ClickHouse DB::Exception: Raft consensus error

The "DB::Exception: Raft consensus error" in ClickHouse signals a failure in the Raft consensus protocol used by ClickHouse Keeper (the built-in alternative to ZooKeeper). The error code is RAFT_ERROR. This means the Keeper cluster was unable to achieve consensus on an operation, which directly affects any functionality that depends on distributed coordination -- replication, distributed DDL, and leader election among them.

Impact

Raft consensus failures can have wide-reaching effects across the entire ClickHouse cluster:

Replicated tables may stop synchronizing data between replicas
INSERT operations to replicated tables can fail or hang waiting for quorum
Distributed DDL queries (ALTER, CREATE on Replicated databases) will not propagate
Leader election for ReplicatedMergeTree tables may stall, halting merges on affected tables
If the Keeper ensemble loses quorum entirely, the cluster effectively becomes read-only for replicated tables

Common Causes

Loss of quorum -- More than half of the Keeper nodes are down or unreachable, making it impossible to commit any new log entries.
Network partitions -- Connectivity issues between Keeper nodes prevent them from exchanging heartbeats and log replication messages.
Disk I/O bottlenecks on Keeper nodes -- The Raft log and snapshots are persisted to disk.
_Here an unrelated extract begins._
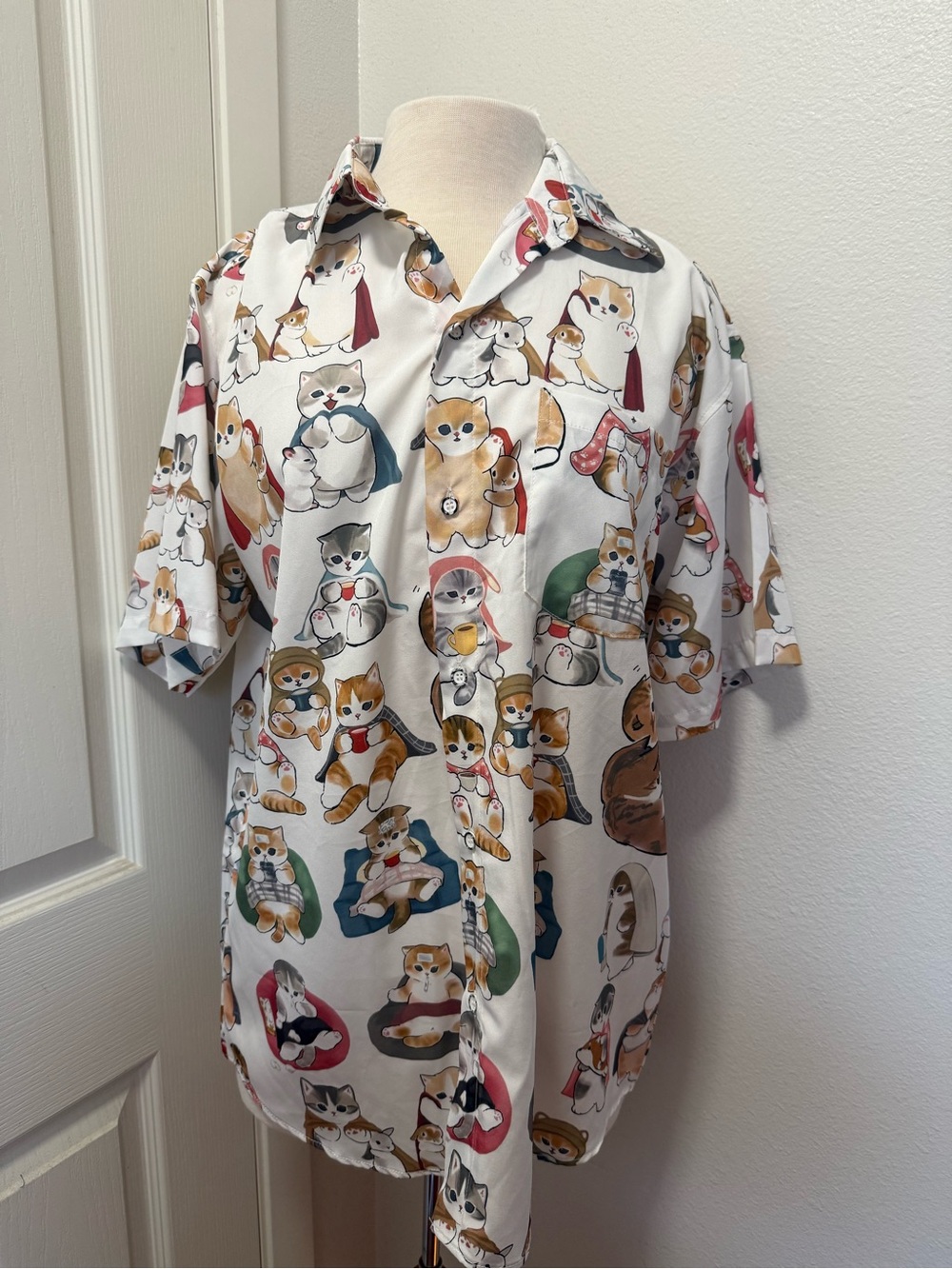 Men's White Short-Sleeve Button-Down Shirt with Playful Cat Print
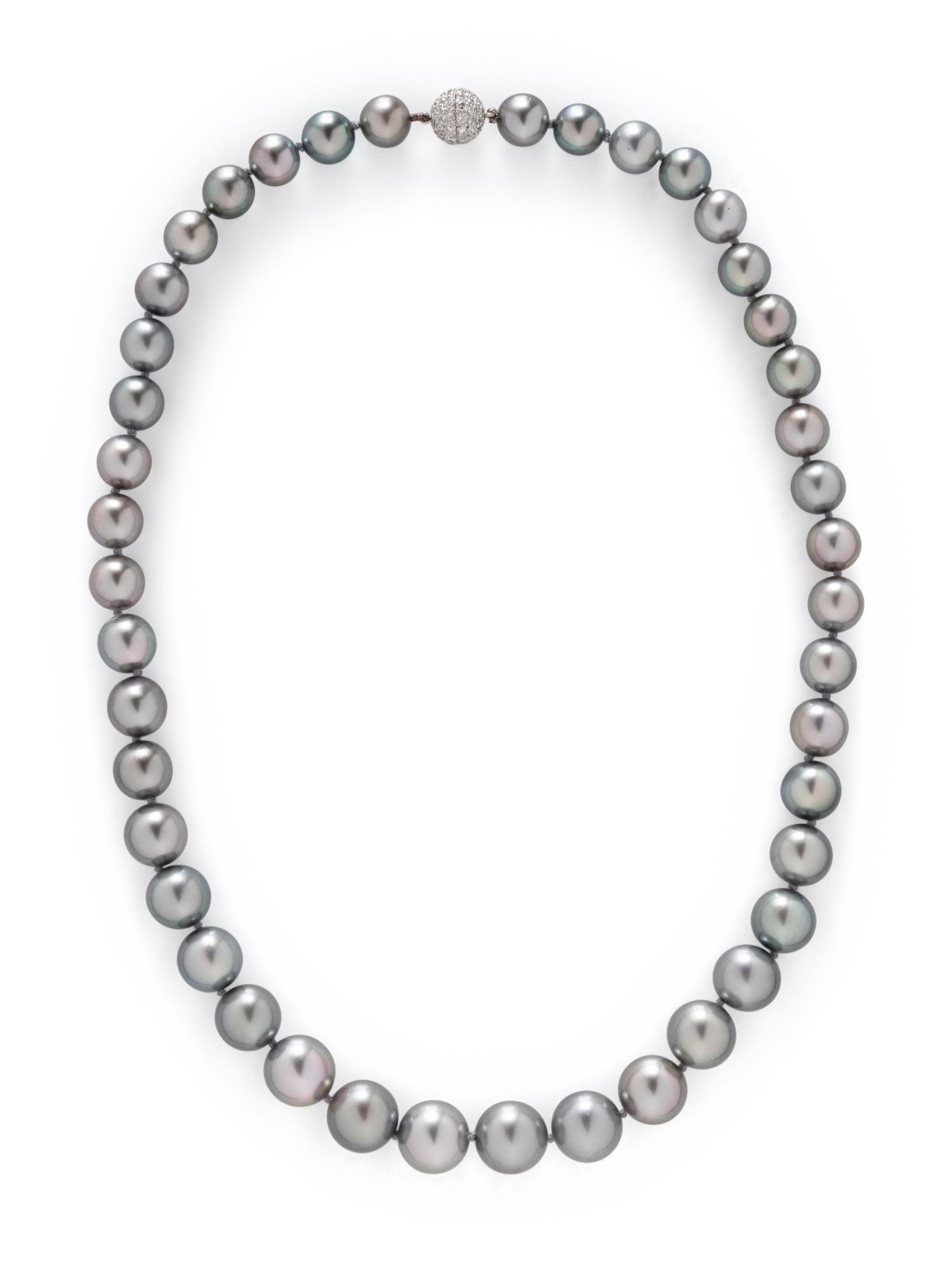 GRADUATED TAHITIAN CULTURED PEARL AND DIAMOND NECKLACE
Slow storage can cause nodes to fall behind and trigger timeouts.
Clock skew between Keeper nodes -- Significant time differences can confuse timeout calculations and leader election.
Keeper node overload -- Excessive request volume or large transactions (e.g., bulk table creation) can overwhelm a Keeper node, causing it to miss heartbeats.
Misconfigured Keeper ensemble -- Incorrect server_id values, wrong peer addresses, or mismatched Raft settings across nodes.
Corrupted Raft log or snapshots -- Disk corruption or abrupt shutdowns can leave the Raft state in an inconsistent state on one or more nodes.

Troubleshooting and Resolution Steps

Check Keeper ensemble health:

# Using the four-letter command interface
echo ruok | nc keeper_host 9181
# Expected response: imok

echo mntr | nc keeper_host 9181

Repeat for each Keeper node. If fewer than a majority respond, quorum is lost.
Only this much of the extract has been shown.